Danke für die vielen Antworten!
Also heute hat es schon besser geklappt beim Papa. Er hat zwar nicht geschlafen, aber die Laune war echt ok!
Der Papa war in der vorlesungsfreien Zeit fast den ganzen Tag nicht da, da er eine Seminararbeit schrieb. Also hab ich ihn mittags auch zu Bett gebracht. Es ging halt nicht anders.

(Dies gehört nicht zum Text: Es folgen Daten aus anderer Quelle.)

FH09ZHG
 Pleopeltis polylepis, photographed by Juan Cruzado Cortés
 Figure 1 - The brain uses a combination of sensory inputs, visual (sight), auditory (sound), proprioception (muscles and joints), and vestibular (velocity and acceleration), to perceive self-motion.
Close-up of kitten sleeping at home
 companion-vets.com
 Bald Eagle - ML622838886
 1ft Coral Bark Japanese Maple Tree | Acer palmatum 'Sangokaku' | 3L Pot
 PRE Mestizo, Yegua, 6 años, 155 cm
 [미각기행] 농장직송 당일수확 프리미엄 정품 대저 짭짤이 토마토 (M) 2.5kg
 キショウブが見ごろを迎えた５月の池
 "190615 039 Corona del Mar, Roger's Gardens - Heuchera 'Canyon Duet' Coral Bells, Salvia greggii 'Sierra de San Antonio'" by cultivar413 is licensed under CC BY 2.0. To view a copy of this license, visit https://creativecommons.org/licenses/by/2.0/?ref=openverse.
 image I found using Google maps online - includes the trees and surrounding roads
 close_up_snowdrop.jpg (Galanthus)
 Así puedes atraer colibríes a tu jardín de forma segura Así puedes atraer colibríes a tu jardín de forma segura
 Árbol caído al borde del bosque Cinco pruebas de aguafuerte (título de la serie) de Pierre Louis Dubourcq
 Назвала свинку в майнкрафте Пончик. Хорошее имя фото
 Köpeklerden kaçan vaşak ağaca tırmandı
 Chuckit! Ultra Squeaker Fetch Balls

Leider ist es nicht besser, wenn ich weg bin. Wir haben es gestern abend getestet und nachdem er eine halbe Stunde im Schlafzimmer sehr doll geweint hat, habe ich die zwei erlöst. Vllt denkt ihr jetzt, wir sind eingeknickt, aber das er so lange verzweifelt schreit, passt nicht zu unserem Erziehungsstil. Wir werden ihm das Einschlafstillen wahrscheinlich erst nach der Eingewöhnung abgewöhnen, damit es nicht zu viel für die kleine Psyche ist. Und dann auf einem sanften Weg, vllt nach Gordon, wenn es klappt.

Im Kinderwagen und Auto schläft er leider seit Monaten nicht mehr ein. Das ist also nicht die Lösung und ich möchte ihm eigentlich auch keine neue, für uns anstrengende Methode einzuschlafen angewöhnen.